About this exercise -
What must be handed in is the entire listing, exactly as written, with no pictures.

Supplied data -
··········
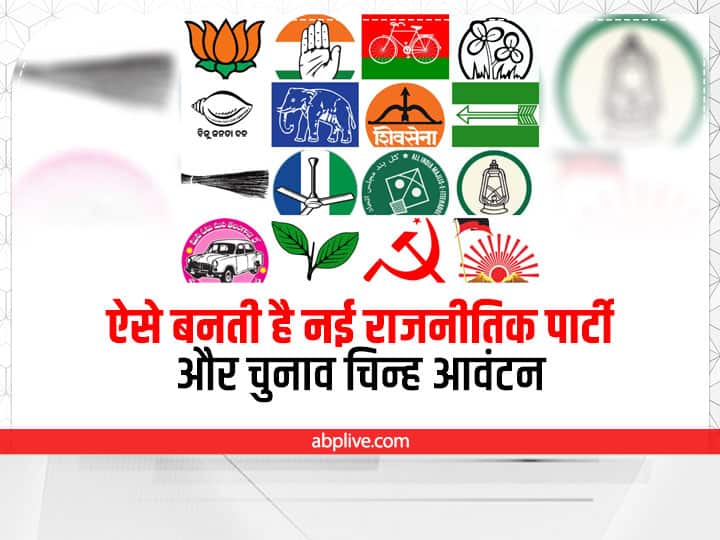 Political GK: यहां जानिए कैसे बनती है नई राजनीतिक पार्टी और चुनाव चिन्ह आवंटन की पूरी प्रक्रिया! how a new political party is formed and the entire process of symbol allocation Know here Political GK: यहां जानिए कैसे बनती है नई राजनीतिक पार्टी और चुनाव चिन्ह आवंटन की पूरी प्रक्रिया!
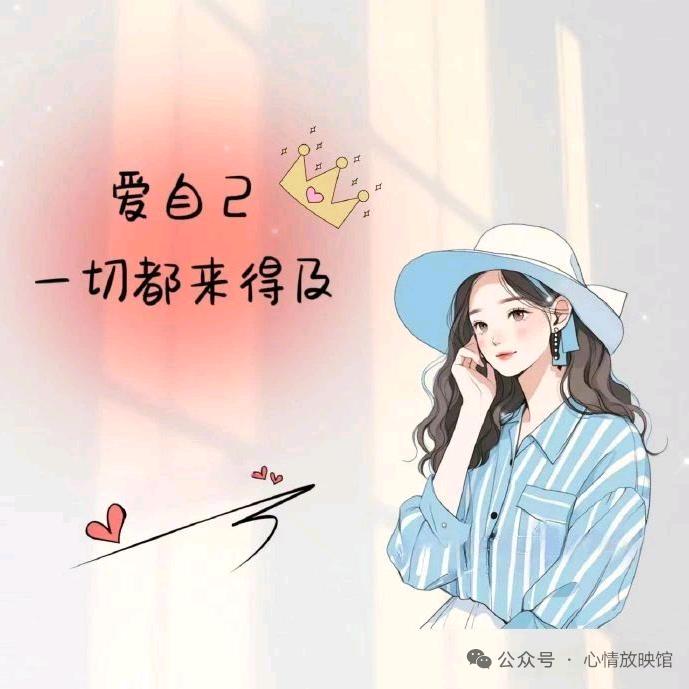 小美同学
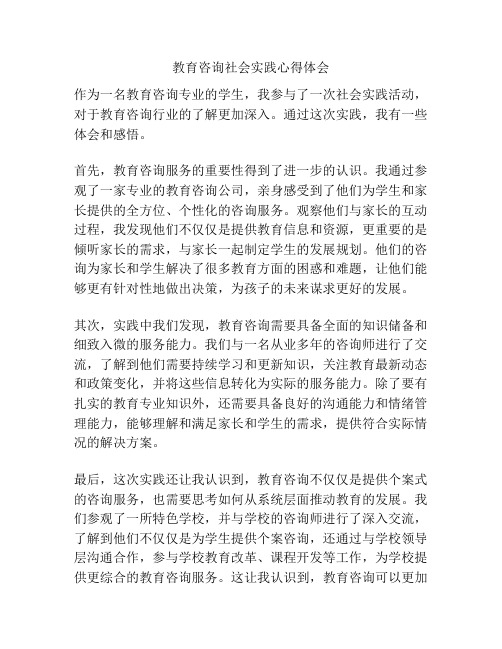 教育咨询社会实践心得体会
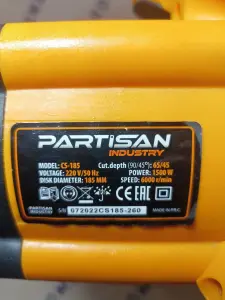 Дисковая пила Partisan CS-185 (а.43-052757)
··········
Solved problem -
 Political GK: यहां जानिए कैसे बनती है नई राजनीतिक पार्टी और चुनाव चिन्ह आवंटन की पूरी प्रक्रिया! how a new political party is formed and the entire process of symbol allocation Know here Political GK: यहां जानिए कैसे बनती है नई राजनीतिक पार्टी और चुनाव चिन्ह आवंटन की पूरी प्रक्रिया!
 小美同学
 教育咨询社会实践心得体会
 Дисковая пила Partisan CS-185 (а.43-052757)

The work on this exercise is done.